I have been part of many debates on gender diversity in corporate boardrooms. Although there is a long road ahead, one small step in the right direction is that the issue is now more firmly fixed in the minds of shareholders, employers and employees. And I hope events like last week will be a catalyst for greater interest and awareness of our public boards and equal appointments to them. It's a promising start that number of women taking up public appointments is increasing across Whitehall.
Just like the private sector, public sector bodies have boards to oversee their activities and steer their future direction. And just like the private sector, promoting diversity and the appointment of women to these boards has been slow to improve. As the recent Women's Business Council report made clear, women must be at the heart of our efforts to create employment and grow our economy. This must extend to roles in public life. It's not about political correctness - it's about good business sense.
I have a particular interest in this issue as my Department sponsors 43 public bodies with more than 450 public appointments - one of the largest crops in Whitehall, overseeing sectors where Britain is truly world-leading: arts, culture, sports and heritage.
These 43 bodies receive more than of two billion pounds of Government money. They contribute around 12% of the UK's economic output and about 15% of employment - more than the financial services sector.
But these boards cannot be truly representative of their industries if they do not reflect the diversity of the communities they serve. That's why the Government is aiming to ensure that half of all new public appointments by 2015 be women. For this to happen without a divisive system of quotas, we need to be better at advertising these roles and encouraging more women to apply.
One area where I am especially keen to see progress is in the sports sector. Both Sport England and many sporting Governing Bodies will be recruiting new board members in the next 18 months and our expectation is that by 2017, at least a quarter of board members on National Governing Bodies will be female.
These boards want and need to attract fresh talent from outside their own sector. An interest in and understanding of sport is important - but expertise is not. So, even if you only have a limited or occasional interest in sport, I am encouraging women to think about how their skills and experience could help increase sports participation, and help develop our next generation of champions.

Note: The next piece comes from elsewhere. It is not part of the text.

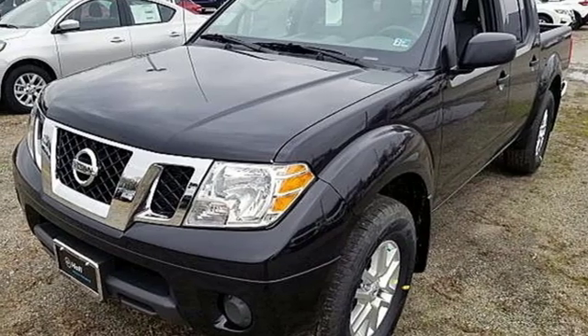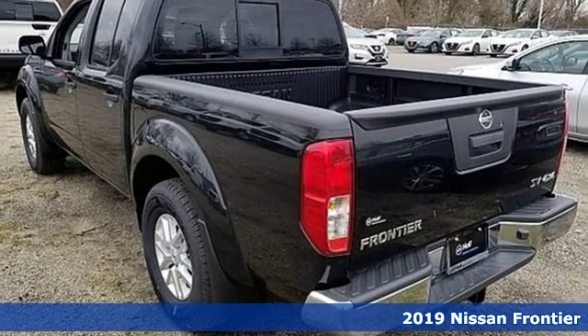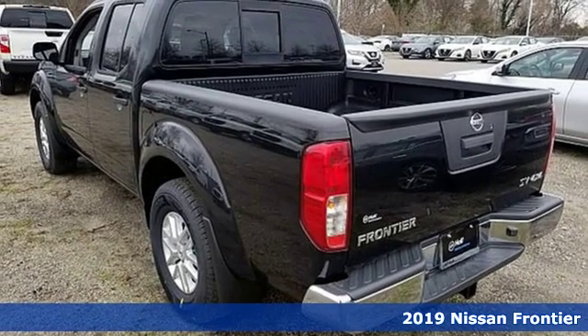It's a new 2019 Nissan Frontier. Tough, rugged, comfortable. Plus, it offers an exciting list of features.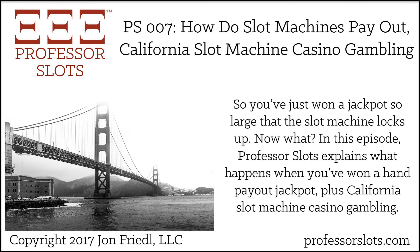Hello, this is John Friedel, and you're listening to Episode 7 of the Professor Slots Podcast, where my goal for the show is to guide slot machine enthusiasts to success. I appreciate your tuning in to today's episode. Show notes are available at professorslots.com/e7.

We are seeing progress. Women made up 38% of new appointments in my Department last year, up from 31% the previous year. But that still isn't good enough. We need a broader spectrum of candidates to put themselves forward. I am extremely pleased that the Chair of the Women's Business Council, Ruby McGregor-Smith, is now taking up a role as a Director on the Board for my Department, bringing the experience she has gained in the commercial world.
The positions on offer provide fantastic, fulfilling and high-profile opportunities to make a contribution to the country, to our public services and to our economy as well as a way to broaden skills and develop careers. I would urge women out there to put yourselves forward whatever your background - we want to hear from you.